The last week has been pretty groundbreaking for football whether you have realised or not. It blew my mind that Eto’o has become the highest paid footballer ever, reportedly earning 60p per second, £36.16 per minute, £2,170 per hour, £52,083 per day, £364,583 per week and £1,458,333 per month-madness, if reports are correct. But it is not just players who have been making the financial headlines; When United played Spurs on Monday night I for one wasn’t just mesmerised by the young players’ ability to embarrass Spurs on the pitch, I was also astounded by the DHL emblems on their training gear.
Last year I thought Spurs and the board were financially savvy when they got two shirt sponsors in, one to cover their domestic games and one to cover their European trips, but once again United have shown that they are a cut above the rest with the DHL deal.
The £40m sponsorship deal for their domestic training kit surpasses the value of all but five main shirt sponsors in the Premier League.
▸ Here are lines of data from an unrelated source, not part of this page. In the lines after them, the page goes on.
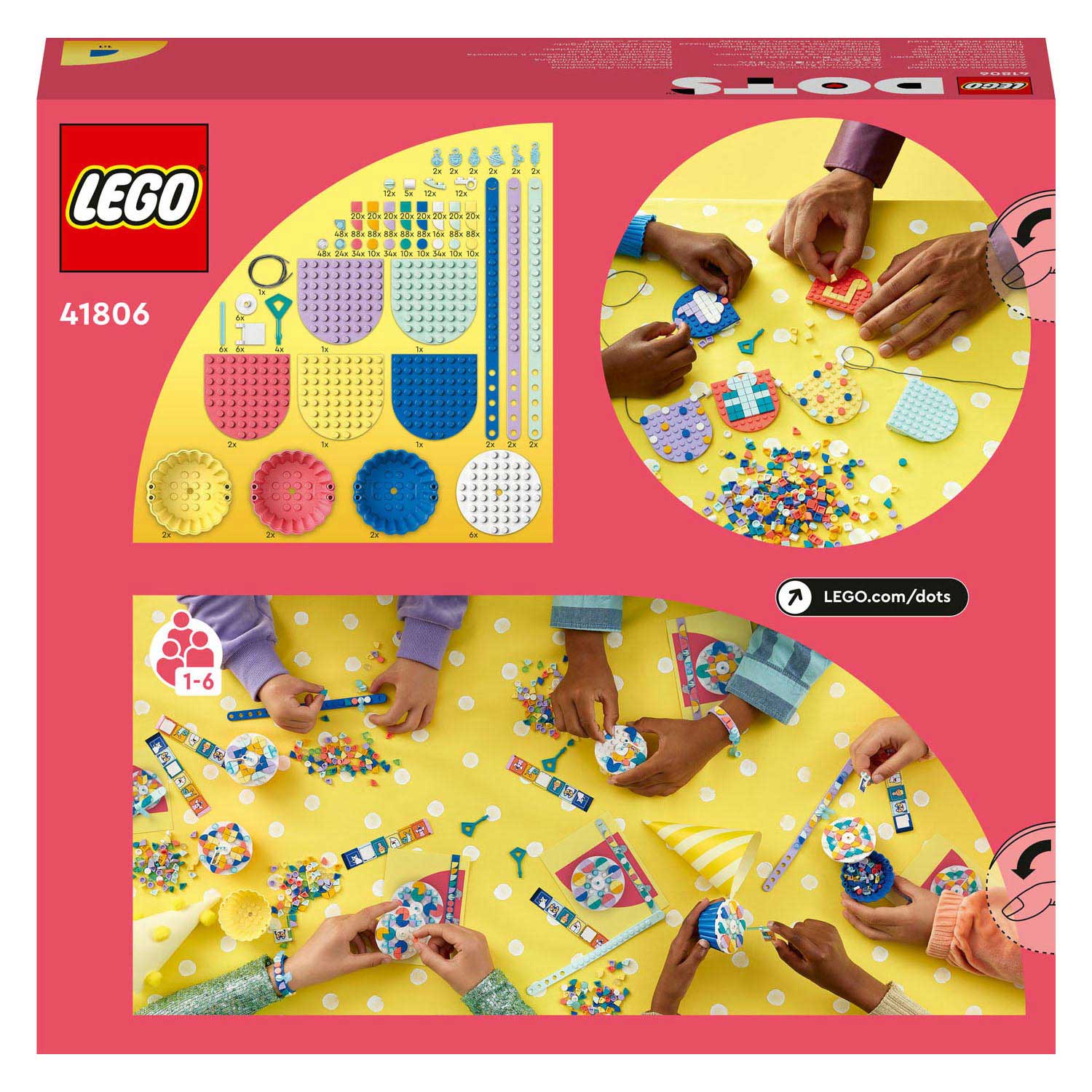 LEGO DOTS 41806 Ensemble de fête ultime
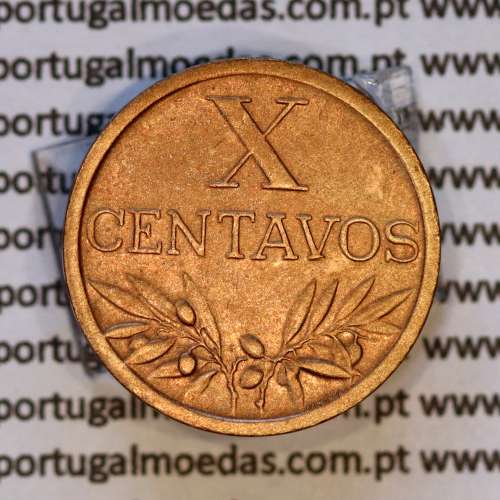 X centavos 1958 Bronze Republica Portuguesa, 10 centavos 1958 bronze, (Bela), World Coins Portugal KM 583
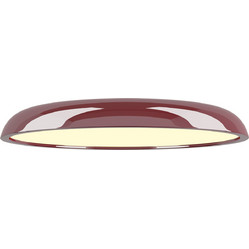 Sunlight Mia - Πλαφονιέρα Led Μεταλλική Βυσσινί Φ60 Εκ. - Dimmable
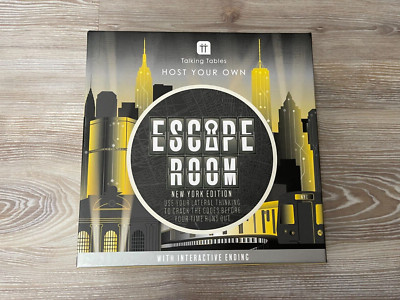 Host Your Own Escape Room New York Edition Brettspiel - NEU UVP 35 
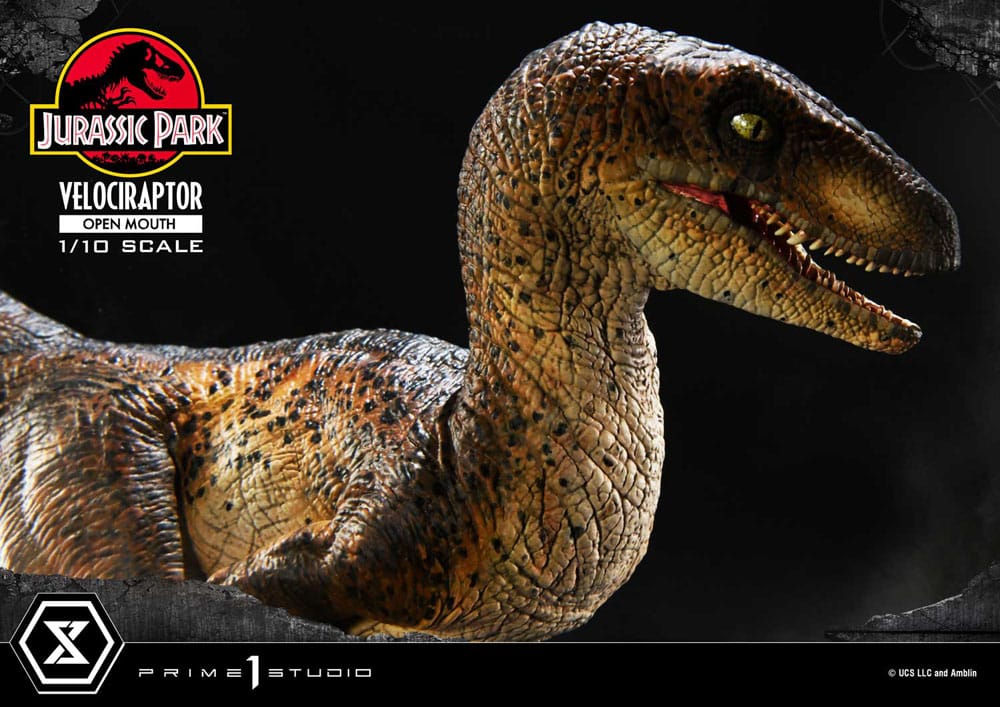 Prime 1 Studio Jurassic Park Velociraptor Open Mouth 1/10 Statue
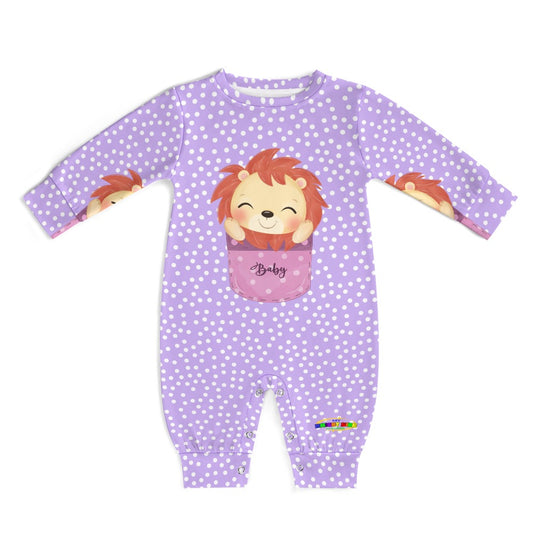 Cute Baby Lion Pocket Animal Friend Baby Romper-My Bright Side Clothing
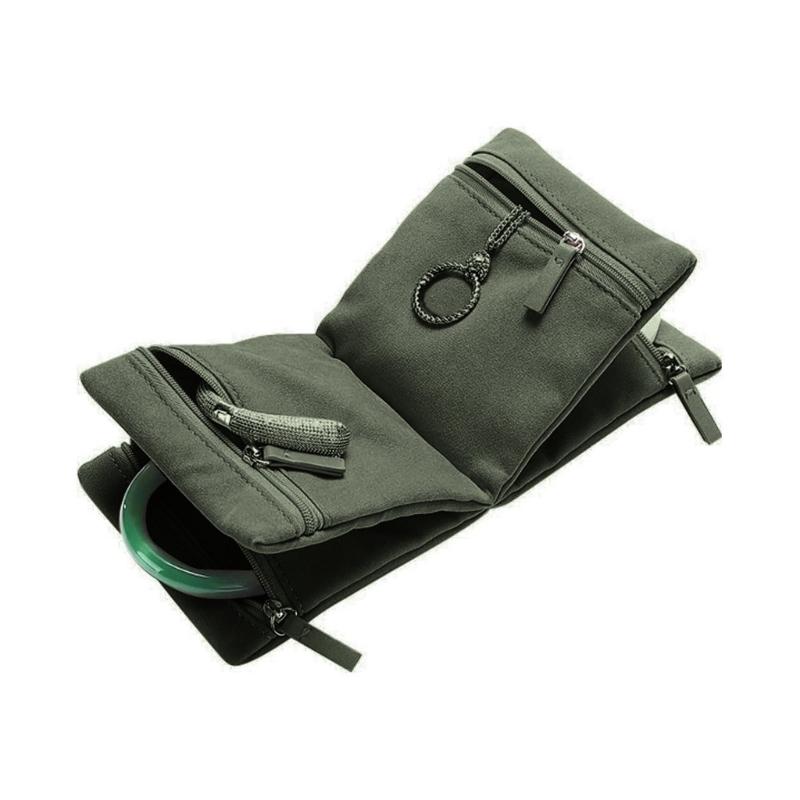 

Travels Jewelry Organizers for Women Necklace Holder and Earrings Storage Bag in Pink for Fashionable Travelersr зелений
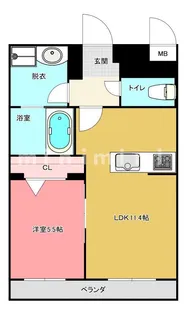 熊本県上益城郡益城町大字広崎【マンション】の間取り
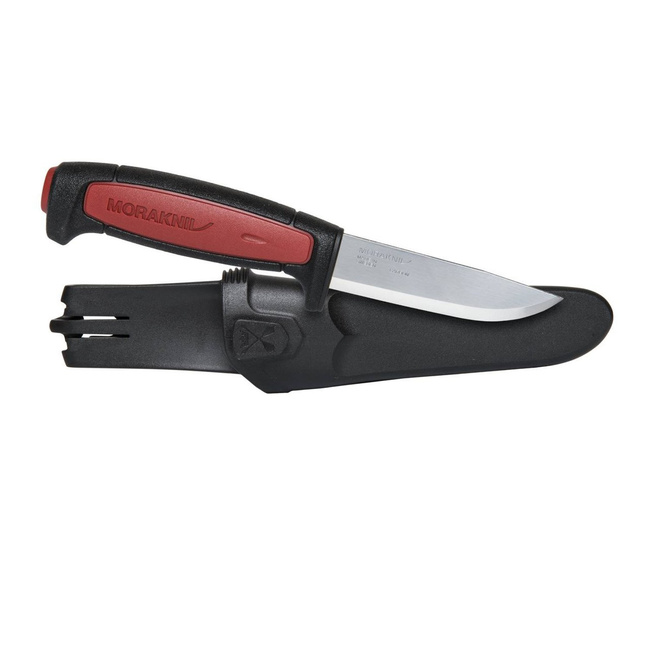 CUȚIT CU LAMĂ FIXĂ - PRO C - OȚEL CARBON - MORAKNIV® - ROȘU
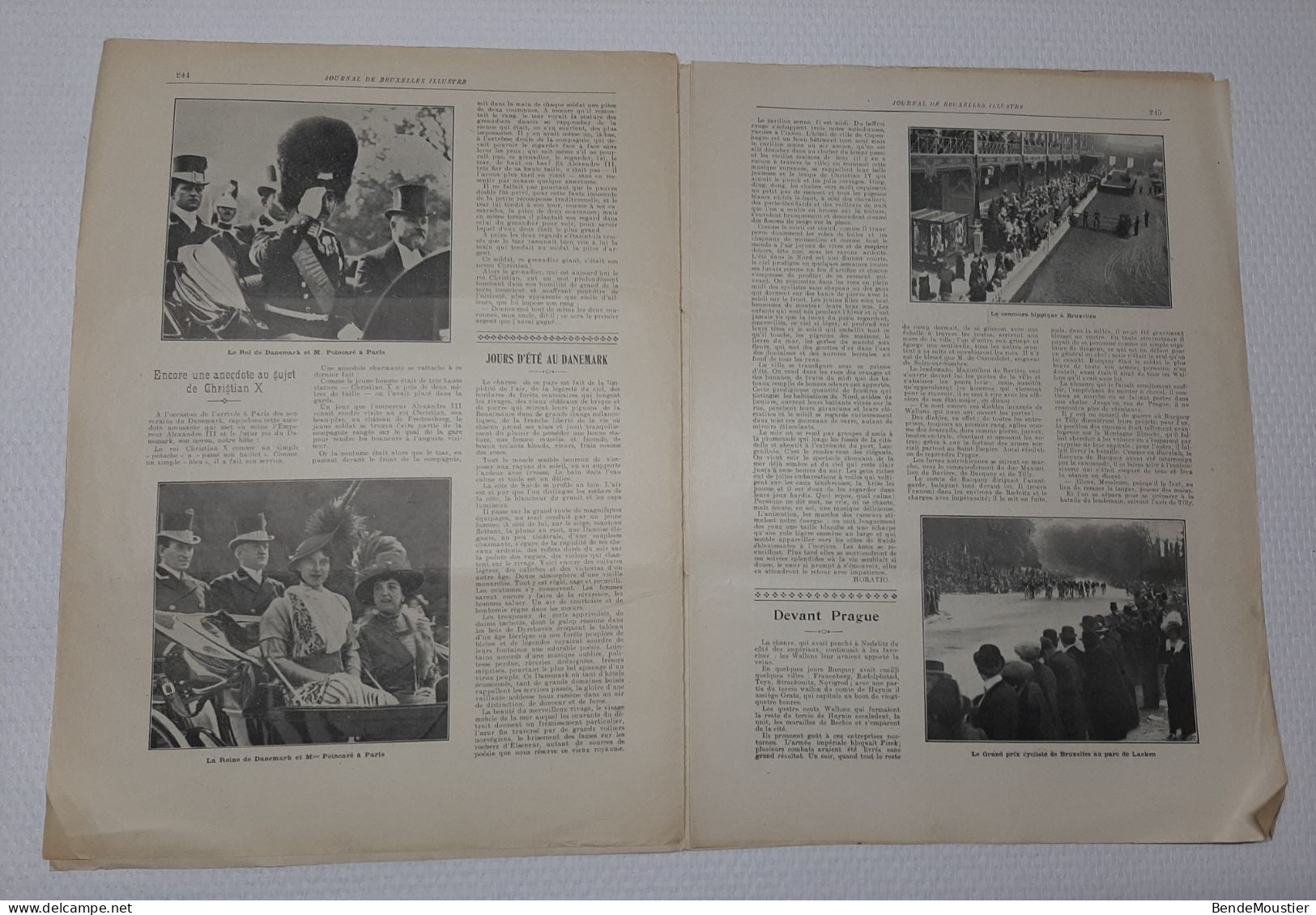 Journal De Bruxelles Illustré - Souverains Danois à Bruxelles - Concours Hippique - Union Coloniale - 1914. - General Issues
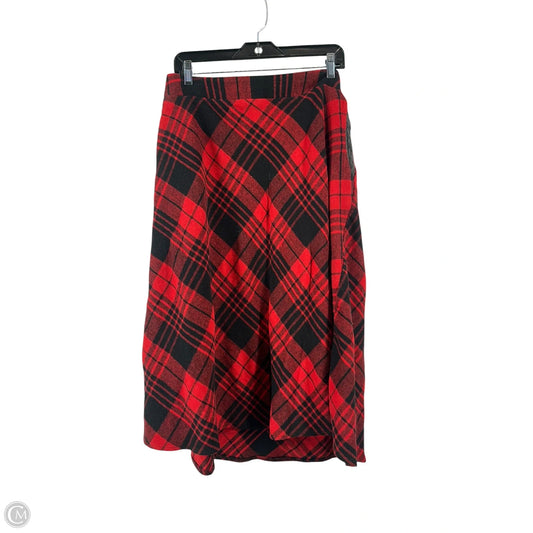 Skirt Midi By Clothes Mentor In Black & Red, Size: Xl
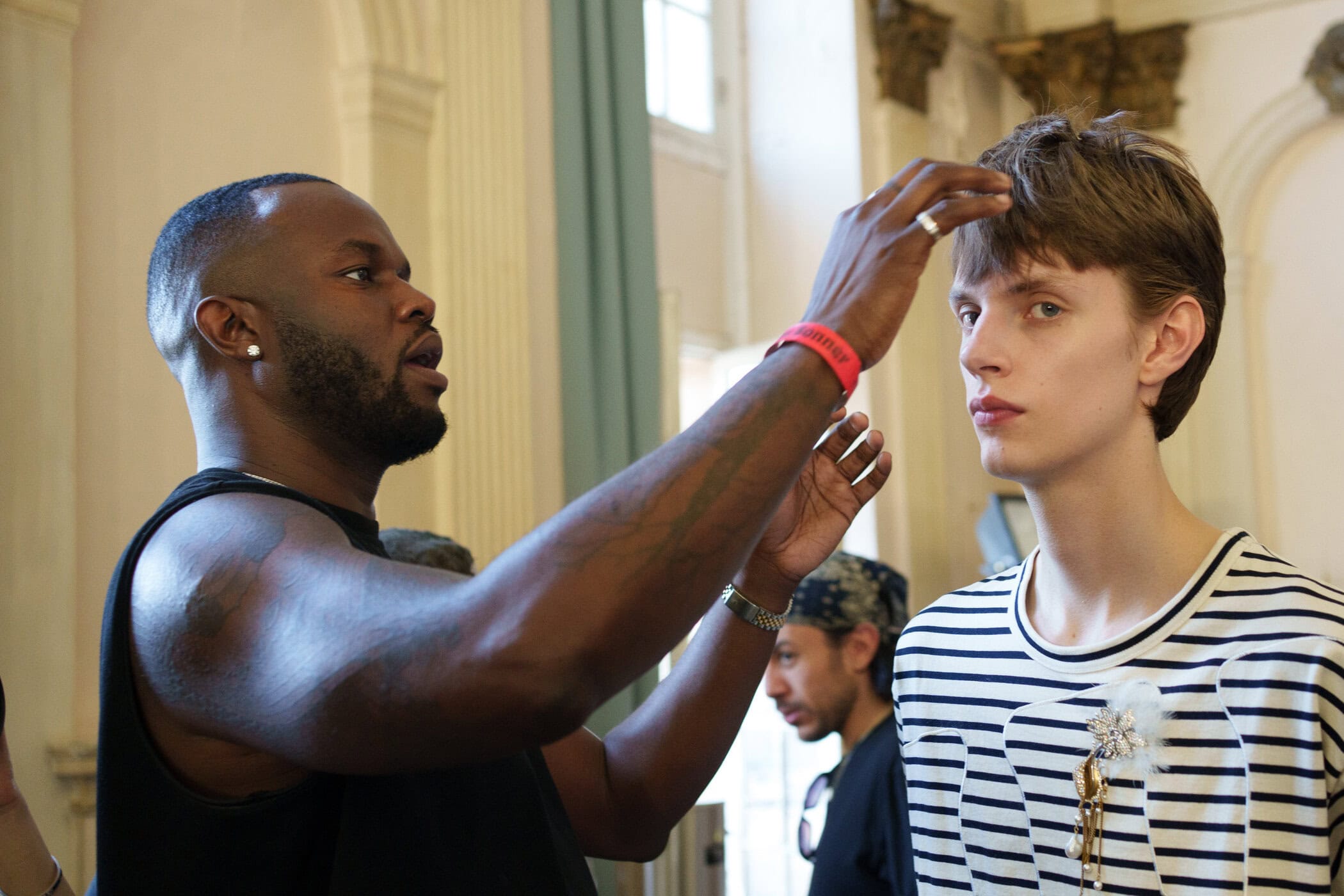 Wales Bonner Spring 2026 Men's Fashion Show Backstage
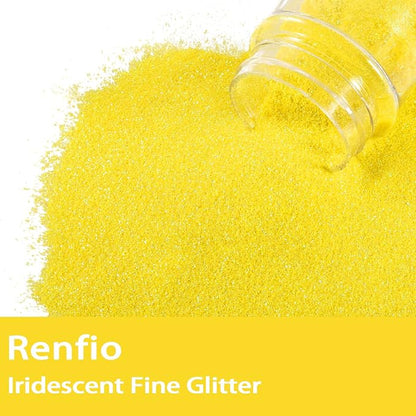 Renfio Iridescent Ultra Fine Glitter Powder Resin Supplies Glitters 1.94 Oz PET - Image 2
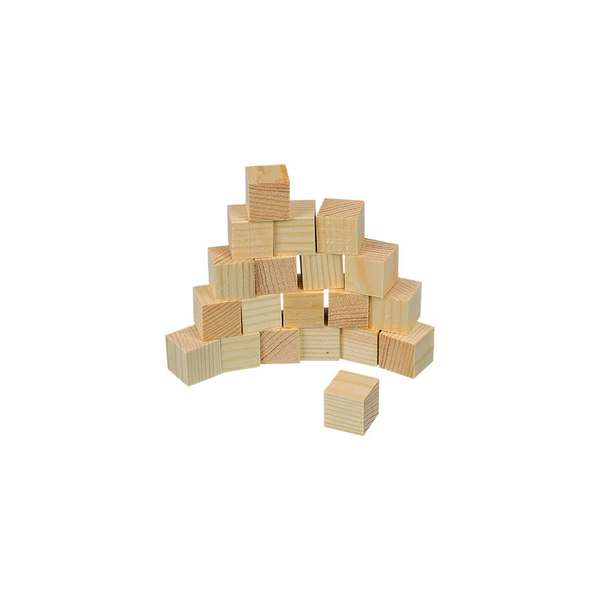 фото Mr. carving деревянная заготовка заготовка кубики сосна 20 шт пр-28, 2x2 см от mr. carving
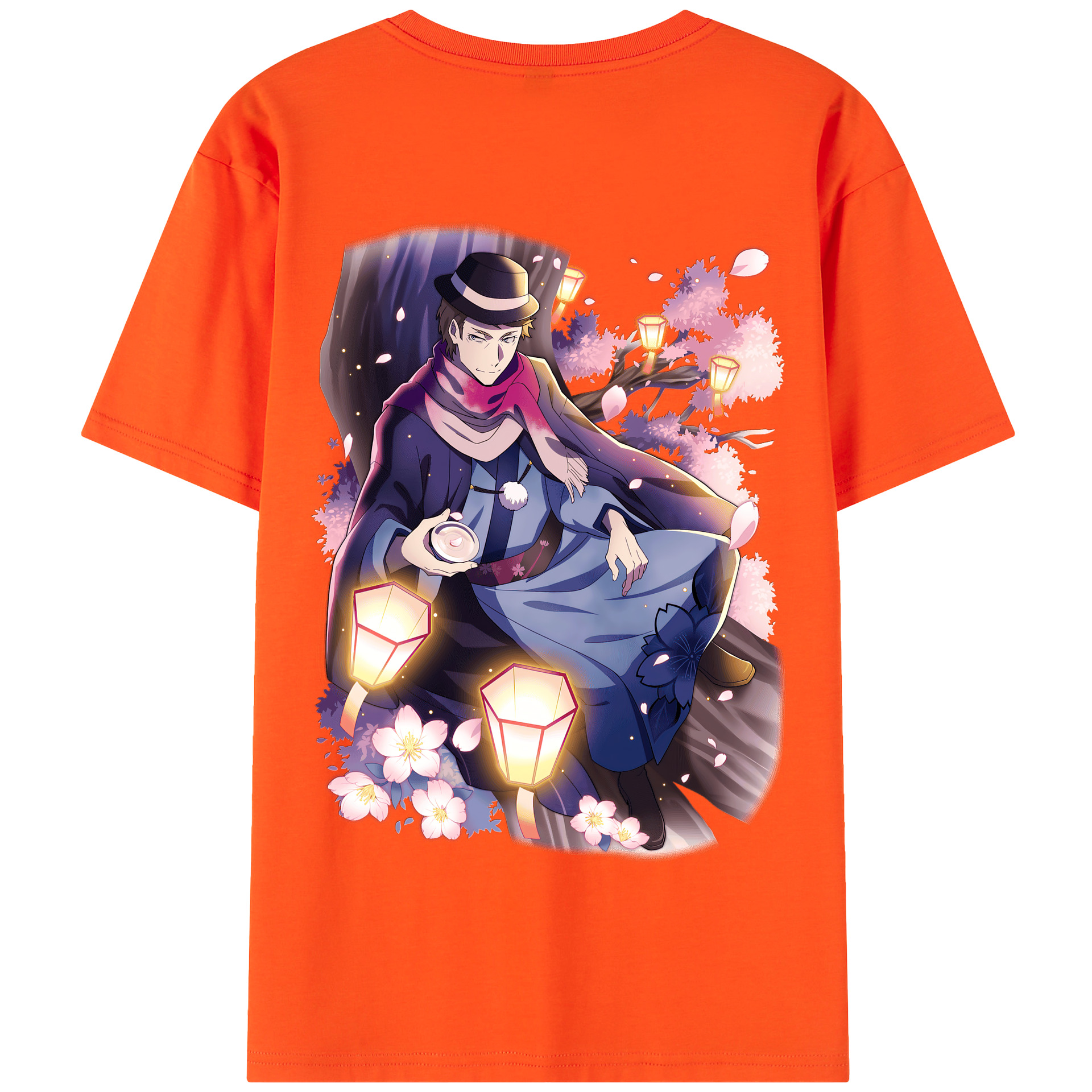 （画像用） 文豪ストレイドッグス Bungo Stray Dogs 綿100％半袖Tシャツ（背面プリント）
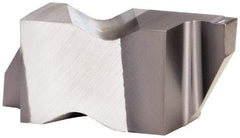 Kennametal - 3078NG K Grade KCU10, 1.98mm Cutting Width Carbide Grooving Insert - 2.39mm Max Depth of Cut, Right Hand, 0.19mm Corner Radius, AlTiN Finish - USA Tool & Supply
All but five? And this is just for a training kit!
The total, understood to be worth slightly over £40m across four years, exceeds the club’s main shirt deal with former sponsors Vodafone, which ended in 2005, and is around half the £80m a year that Aon pays to be emblazoned across their shirt. Apparently Aon knew about it, but I bet they aren’t too happy.
The club’s chief executive David Gill said the DHL deal “breaks new ground in the English game”. DHL’s logo will appear on training kit worn by first team, reserve and youth team players but only covers domestic fixtures.
Well it’s certainly done that. And next up it seems selling the naming rights to their Carrington training ground are up for grabs.
When I first read this my first thought was ‘money grabbing bastards – aren’t they rich enough?’ but when you sit down and look at it, I applaud them. For all the crap that fans give the Glaziers, they are great business men. And if fans want to ward off the ever-increasing threat to their Premier League dominance by those blues down the road, raking in as much cash as they can to go out and spend big on players is the only way to do that.
Of course this approach is in stark contrast to the likes of Blackburn who this season are wearing shirts with the Princes’ Trust emblazoned on them. I’m sure Blackburn fans love the fact that their club cares about charity, and granted it’s a very noble thing to do. But what happens at the end of the season if Blackburn are relegated? That £10mil or so of sponsorship money could have been used to buy that one quality player that might just have kept them up. Will Blackburn fans be so charitable then? DHL’s £40m could fund the signing of Sneijder and not even leave the club out of pocket.
Don’t expect that others won’t follow suit, this is a very American approach so it is no surprise that US-owned Manchester United were first to do it. La Liga sides plus Championship, League One and League Two sides previously broke new ground with sponsors on both shirts and shorts, but this is another level and shows the global appeal that Manchester United has. Neighbours Manchester City can only aspire to have such global dominance, Manchester United have outlined what a worldwide product the English Premier League has become by being able to command such a high fee for training kit. They have opened up new avenues to all clubs, it makes sense with players now pictured in training gear as much as first team kit.
As much as we hate to think it, football is a business. Plain and simple. It trades on stock markets and it keeps hundreds of millions of people employed throughout the world. And the way they are run affects every fan’s life from the moment they pick the team they will follow until they die. And if my club could rake in £40million for just having a name stitched onto a pair of shirts and a rain jacket, I know they’d snap their hand off and be laughing all the way to the bank. And so would their shareholders. So once again United I applaud you. Now could you lend us some cash?